I’m going to take a punt and predict that Boris Johnson will become prime minister on the 22 July with at least two thirds of Tory members’ votes.

(If I’m wrong, and Johnson loses, then stop reading now!) What, then, will a Johnson premiership mean for housing?

In the short term, probably very little. He will be pre-occupied in the first few months with Brexit and its aftermath. Perhaps he will also call a snap general election.

But thereafter, what do we know about his track record and his views on housing, and affordable housing in particular?

His published writings offer an insight. In an article last year titled We need to kickstart the housing market by kicking developers who treat buyers like serfs he attacked Persimmon for building shoddy homes and commented on the problems faced by first time buyers:

“This is meant to be Britain, the great homeowning democracy, but we now have lower rates of owner-occupation, for the under-forties, than France and Germany.”

“In the seventies we were building about 300,000 a year…By the time of Tony Blair’s Labourgovernment, that number had fallen to 156,000… the underlying problem is supply.”

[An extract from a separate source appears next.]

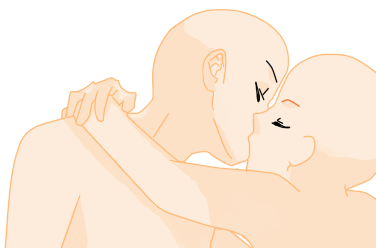 Pixilart - anime kissing base by fallenange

The answer, he concluded, was to liberate brownfield and public land, reduce stamp duty, tackle landbanking, and to “…tell Lefties like Sadiq Khan to stop their ideological obsession with quotas for affordable housing on each development”.

So, Johnson is very much on the Policy Exchange wing of Conservatism. He wants to build, build, build, but his priority is on boosting the overall supply of market homes, and thus pushing down prices (he hopes), rather than any focus on traditional social housing.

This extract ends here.